So, in addition to scales that can weigh single protein molecules to an accuracy of a few hundred times the mass of a proton, we now have a position sensor that can detect changes in displacement as small as 1/30,000th of the diameter of a single carbon atom, or about the diameter of a single carbon nucleus.
Houxun Miao, Kartik Srinivasan, and Vladimir Aksyuk (researchers at the National Institute of Standards and Technology’s Center for Nanoscale Science and Technology) have built a microelectromechanical system (MEMS) that pushes the lower limits of distance and force measurement down to within a short hail of the theoretical limits—to 2.3 times the standard quantum limit.
The device is a silicon-on-oxide chip fabricated via electron-beam lithography and reactive ion etching to leave a 15-micrometer-diameter silicon disk, a waveguide and actuators standing in relief from the chip surface (see scanning electron micrograph). Atop this structure, the researchers vapor-deposited a layer of silicon nitride that is patterned and etched to produce a 19-micrometer-diameter SiNx ring suspended at the end of the actuator arm above the silicon disk. The actuator arm is a springy cantilever beam; force on the nitride ring pushes it down towards the disk. Researchers can adjust its vertical position by changing the potential between the beam and the chip base. This lets them both calibrate the beam’s spring constant and fine-tune the distance between the nitride ring and the disk.

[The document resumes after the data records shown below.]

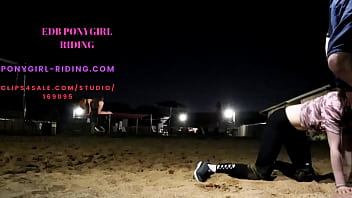 Man rides his pony without kneepads on the sand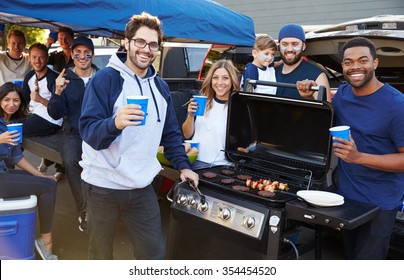 Group Of Sports Fans Tailgating In Stadium Car Park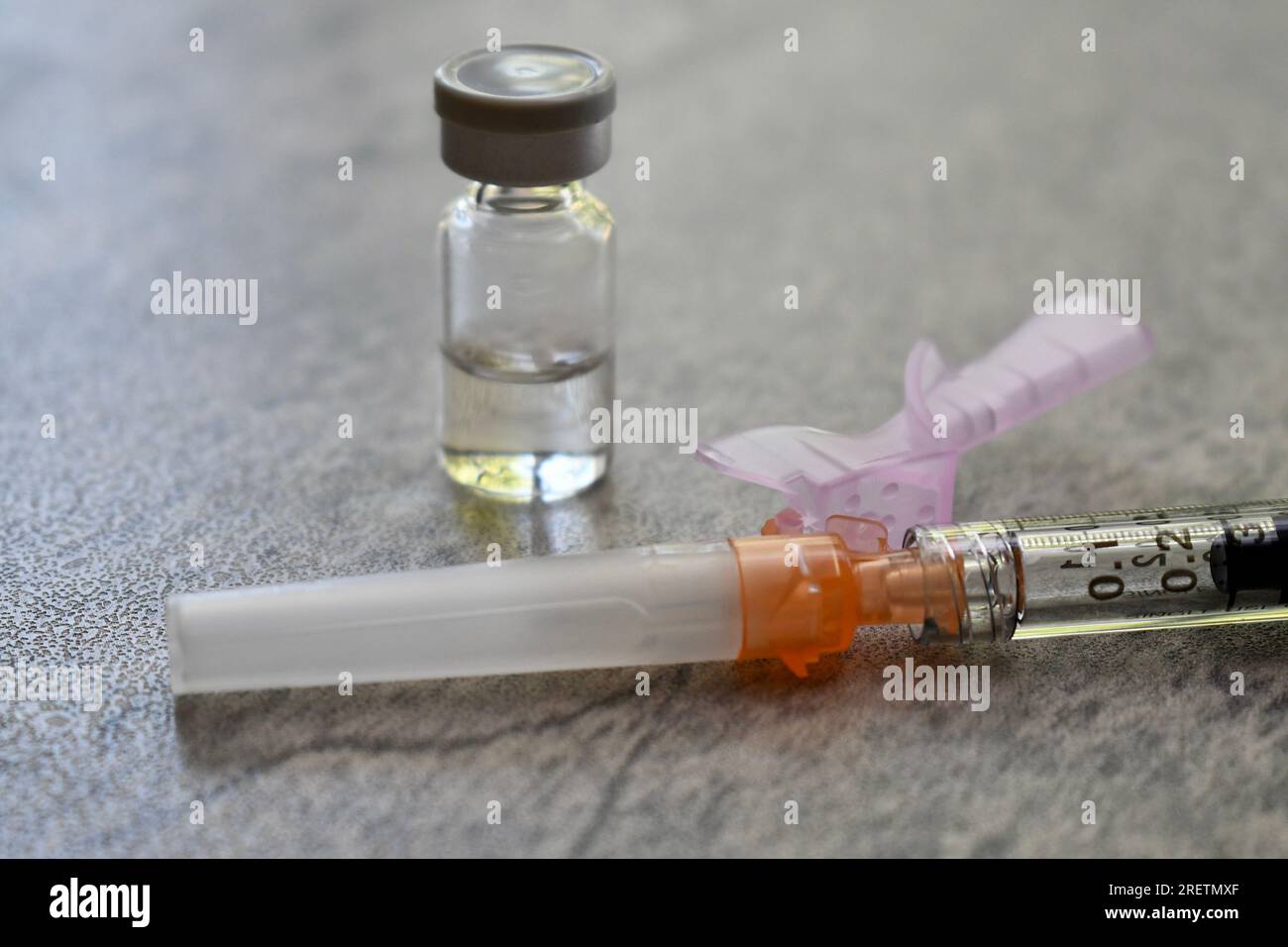 Flacon de médicament avec seringue sur une surface grise Banque D'Images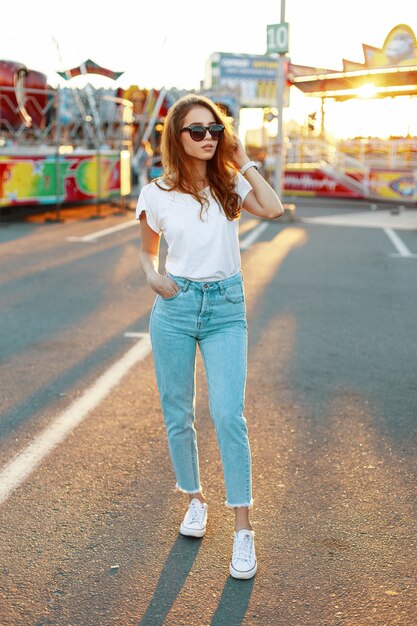 Femme jeune hipster en T-shirt élégant dans des lunettes de soleil à la mode en blue-jeans en baskets posant dans un parc d'attractions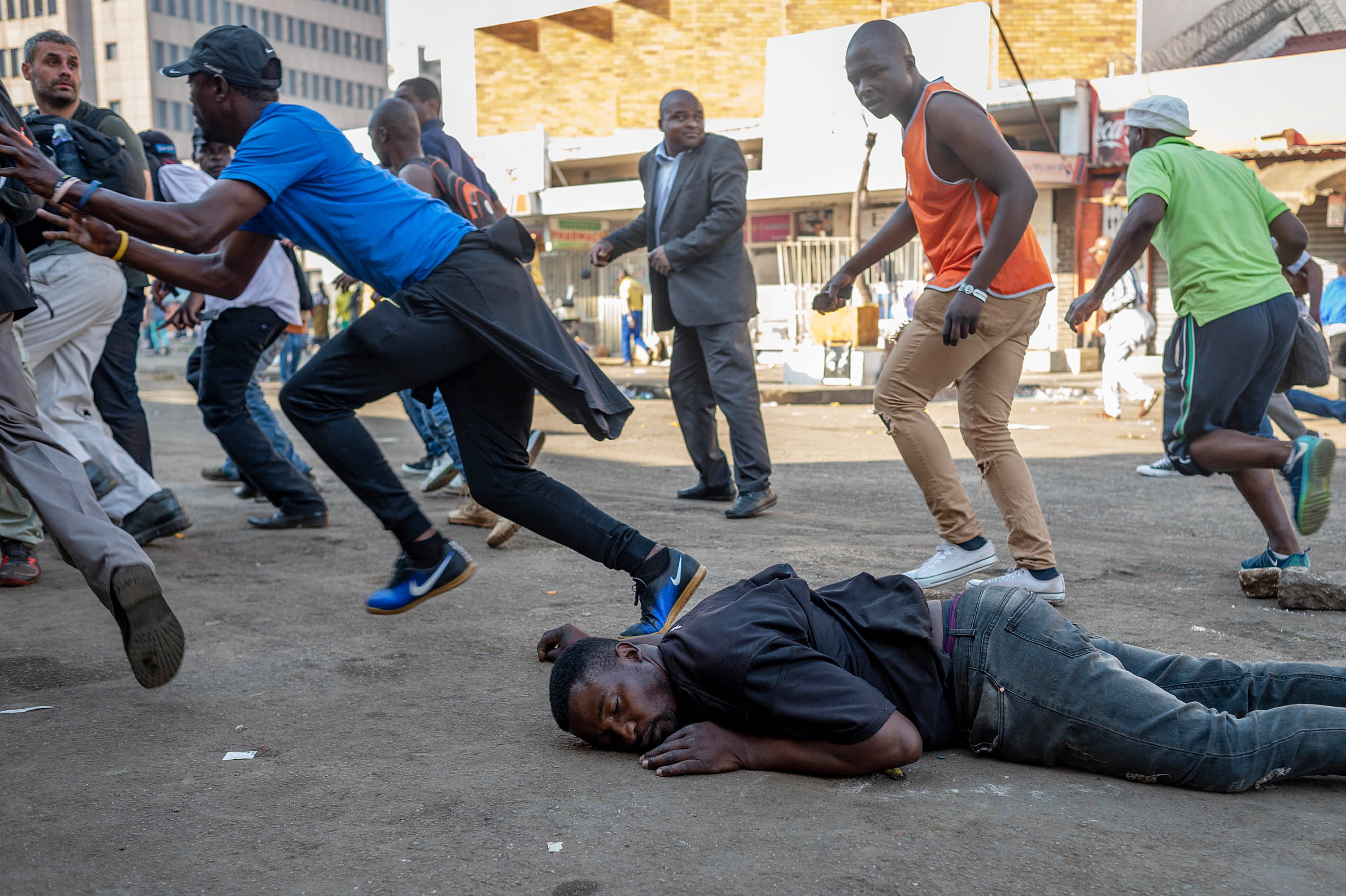 epa06922015 A man who was shot in the back by a live round fired by the Zimbabwean Army lies on the ground bleeding during a protest against the vote count in Harare, Zimbabwe, 01 August 2018. The Zimbabwean army refused to allow journalists to treat the man and attempted to arrest them.  EPA/YESHIEL PANCHIA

With this information, they can detect displacement with a precision of 4.6 femtometers—4.6 x 10-15 meters—and a forces to within 100 attonewtons (about 10-16 Newtons).
Both silicon and silicon nitride are transparent to infrared light. This means that the Si disk can act as an optical cavity—a photonic hall of mirrors that reflects light almost endlessly around its perimeter. “The light can be trapped inside the disk, close to its outer edge, and travel around in circles inside,” Aksyuk says. “It is trapped the same way at the light is trapped inside optical fibers used for transmitting light over long distances, but here it just goes in circles.” It is, he says, similar to an acoustic whispering gallery, which traps sound along a concave wall.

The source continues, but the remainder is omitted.